Ray Chinon & Friedhelm Dubois

  1. Le Centre industriel de stockage géologique est le plus grand projet industriel en Europe censé être creusé dans le sud-meusien et contenir des matières radioactives pendant 100.000 ans.
  2. L’usine Comurex de Narbonne fêtera bientôt ses 60 ans et est, malgré de nombreux accidents, la colonne vertébrale de la filière nucléaire française. Elle met en danger une région réputée pour ses vins et son tourisme.
  3. Agence Nationale de gestion des Déchets RAdioactifs – Instrument crucial et acteur central dans l’achat des consciences et la mise en œuvre technique de CIGEO.
  4. Le Groupement d’Interêt Public distribue des dizaines de millions d’euros par an aux départements impactés par le projet de «Bure-Saudron», compromettant lourdement une réelle procédure démocratique.
  5. Le Waste Isolation Power-Plant est un projet phare de stockage de déchets radioactifs sur des terrains militaires du sud des Etats-Unis. Il était pendant 20 ans un modèle idéalisé et souvent cité par l’Andra. Après sa destruction partielle par le feu, il a entièrement disparu de la sémantique de communication des institutions d’EDF.
  6. L’ancienne mine saline de la Asse en Allemagne a été remplie pendant plus de 20 ans avec des fûts de déchets radioactifs. Après son inondation partielle, elle ne sert plus d’exemple phare aux projets d’EDF non plus.
  7. Après l’annonce de l’ouverture de la procédure lors des perquisitions de juin 2018, l’instruction concerne des faits remontant jusqu’au 18 février 2017, soit la chute des grilles de l’Andra. Elle vise et criminalise au moins sept individus et plusieurs «témoins assistés», dont l’avocat historique de la lutte, Me Ambroselli, qui a aussi été perquisitionné et mis en garde à vue en juin 2018.
  8. Le procureur Olivier Glady et le juge Kévin LeFur, placés il y a moins de deux ans au tribunal de Bar-le-Duc, compétent pour Bure, ne laissent aucun doute sur les intentions politiques de leurs jugements et ont sévèrement et à peu d’exceptions près condamné tou·tes personnes leur étant présenté·es comme opposantes à la poubelle nucléaire.
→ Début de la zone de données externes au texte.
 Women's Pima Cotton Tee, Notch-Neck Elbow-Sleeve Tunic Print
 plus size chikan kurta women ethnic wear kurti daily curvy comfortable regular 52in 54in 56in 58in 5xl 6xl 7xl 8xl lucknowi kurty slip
  9. Une attaque informatique qui visait une société d’ingénieurs française, qui y a perdu d’innombrables documents, allant des plans de constructions de centrales nucléaires et centres pénitentiaires au site Cigéo prévu à Bure. Des perquisitions menant à la saisie d’un serveur à Dortmund n’ont pas empêché la republication des données piratées, qui dévoilent entre autres que les paysan·nes de la région étaient réparti·es par l’Andra dans les catégories «maîtrisés», «maîtrisables» et «difficiles à maîtriser».
  10. Organisé par les associations Mirabel et Cedra, il intensifie le débat critique autour du nucléaire avec des douzaines d’événements jusqu’en avril 2019 et implique de nombreux·es expert·es. Le site <bureburebure.info> informe sur les activités actuelles.
  11. Organise un débat populaire et autogéré sur la question du nucléaire et va parcourir la France avec plus de 50 étapes jusqu’en août 2019. Toutes les dates: <atomik-tour.org>.
  12. Le Festival se déroulera les 9, 10 et 11 août près de Bure: burefestival.org.